Going from the line that contains "堔銳兒童自行車(chē)燈青" down to the last line in the listing below, reproduce every line exactly and include no others.

+++ STORED DATA +++

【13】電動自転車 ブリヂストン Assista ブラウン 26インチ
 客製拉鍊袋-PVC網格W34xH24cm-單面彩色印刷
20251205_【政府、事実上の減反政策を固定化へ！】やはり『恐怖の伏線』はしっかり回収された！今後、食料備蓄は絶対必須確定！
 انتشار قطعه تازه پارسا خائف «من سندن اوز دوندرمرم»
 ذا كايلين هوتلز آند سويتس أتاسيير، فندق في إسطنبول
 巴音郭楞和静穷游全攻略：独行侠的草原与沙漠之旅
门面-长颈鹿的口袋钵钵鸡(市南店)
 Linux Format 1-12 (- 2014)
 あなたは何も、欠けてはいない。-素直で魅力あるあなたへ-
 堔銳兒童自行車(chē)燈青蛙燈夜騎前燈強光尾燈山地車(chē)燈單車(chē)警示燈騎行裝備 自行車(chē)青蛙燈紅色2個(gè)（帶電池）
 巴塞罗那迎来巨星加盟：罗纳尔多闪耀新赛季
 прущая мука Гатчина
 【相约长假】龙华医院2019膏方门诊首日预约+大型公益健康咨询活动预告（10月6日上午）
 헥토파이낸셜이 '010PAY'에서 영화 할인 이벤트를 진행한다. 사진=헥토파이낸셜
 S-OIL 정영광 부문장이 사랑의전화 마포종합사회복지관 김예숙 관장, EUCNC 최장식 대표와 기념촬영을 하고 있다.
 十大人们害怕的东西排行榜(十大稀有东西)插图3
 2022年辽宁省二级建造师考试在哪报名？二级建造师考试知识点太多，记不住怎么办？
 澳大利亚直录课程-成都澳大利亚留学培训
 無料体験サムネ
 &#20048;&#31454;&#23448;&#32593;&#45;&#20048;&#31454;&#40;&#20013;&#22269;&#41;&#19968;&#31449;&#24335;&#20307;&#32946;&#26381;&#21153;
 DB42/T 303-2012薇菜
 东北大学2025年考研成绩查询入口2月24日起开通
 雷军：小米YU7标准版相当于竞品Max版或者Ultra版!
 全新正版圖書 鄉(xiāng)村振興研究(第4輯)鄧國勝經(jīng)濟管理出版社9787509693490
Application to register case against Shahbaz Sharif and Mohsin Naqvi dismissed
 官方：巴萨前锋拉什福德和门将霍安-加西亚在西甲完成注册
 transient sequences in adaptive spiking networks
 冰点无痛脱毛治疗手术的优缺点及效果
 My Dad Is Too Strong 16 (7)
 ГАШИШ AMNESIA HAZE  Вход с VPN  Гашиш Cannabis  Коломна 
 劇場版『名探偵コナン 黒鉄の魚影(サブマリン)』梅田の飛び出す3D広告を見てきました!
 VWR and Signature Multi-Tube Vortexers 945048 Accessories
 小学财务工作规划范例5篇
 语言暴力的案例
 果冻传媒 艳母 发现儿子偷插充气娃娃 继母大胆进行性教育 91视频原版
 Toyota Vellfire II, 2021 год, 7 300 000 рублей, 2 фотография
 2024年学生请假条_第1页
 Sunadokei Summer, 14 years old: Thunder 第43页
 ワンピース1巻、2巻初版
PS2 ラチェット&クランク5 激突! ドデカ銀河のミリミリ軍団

+++

▸ **OUTPUT**:
 堔銳兒童自行車(chē)燈青蛙燈夜騎前燈強光尾燈山地車(chē)燈單車(chē)警示燈騎行裝備 自行車(chē)青蛙燈紅色2個(gè)（帶電池）
 巴塞罗那迎来巨星加盟：罗纳尔多闪耀新赛季
 прущая мука Гатчина
 【相约长假】龙华医院2019膏方门诊首日预约+大型公益健康咨询活动预告（10月6日上午）
 헥토파이낸셜이 '010PAY'에서 영화 할인 이벤트를 진행한다. 사진=헥토파이낸셜
 S-OIL 정영광 부문장이 사랑의전화 마포종합사회복지관 김예숙 관장, EUCNC 최장식 대표와 기념촬영을 하고 있다.
 十大人们害怕的东西排行榜(十大稀有东西)插图3
 2022年辽宁省二级建造师考试在哪报名？二级建造师考试知识点太多，记不住怎么办？
 澳大利亚直录课程-成都澳大利亚留学培训
 無料体験サムネ
 &#20048;&#31454;&#23448;&#32593;&#45;&#20048;&#31454;&#40;&#20013;&#22269;&#41;&#19968;&#31449;&#24335;&#20307;&#32946;&#26381;&#21153;
 DB42/T 303-2012薇菜
 东北大学2025年考研成绩查询入口2月24日起开通
 雷军：小米YU7标准版相当于竞品Max版或者Ultra版!
 全新正版圖書 鄉(xiāng)村振興研究(第4輯)鄧國勝經(jīng)濟管理出版社9787509693490
Application to register case against Shahbaz Sharif and Mohsin Naqvi dismissed
 官方：巴萨前锋拉什福德和门将霍安-加西亚在西甲完成注册
 transient sequences in adaptive spiking networks
 冰点无痛脱毛治疗手术的优缺点及效果
 My Dad Is Too Strong 16 (7)
 ГАШИШ AMNESIA HAZE  Вход с VPN  Гашиш Cannabis  Коломна 
 劇場版『名探偵コナン 黒鉄の魚影(サブマリン)』梅田の飛び出す3D広告を見てきました!
 VWR and Signature Multi-Tube Vortexers 945048 Accessories
 小学财务工作规划范例5篇
 语言暴力的案例
 果冻传媒 艳母 发现儿子偷插充气娃娃 继母大胆进行性教育 91视频原版
 Toyota Vellfire II, 2021 год, 7 300 000 рублей, 2 фотография
 2024年学生请假条_第1页
 Sunadokei Summer, 14 years old: Thunder 第43页
 ワンピース1巻、2巻初版
PS2 ラチェット&クランク5 激突! ドデカ銀河のミリミリ軍団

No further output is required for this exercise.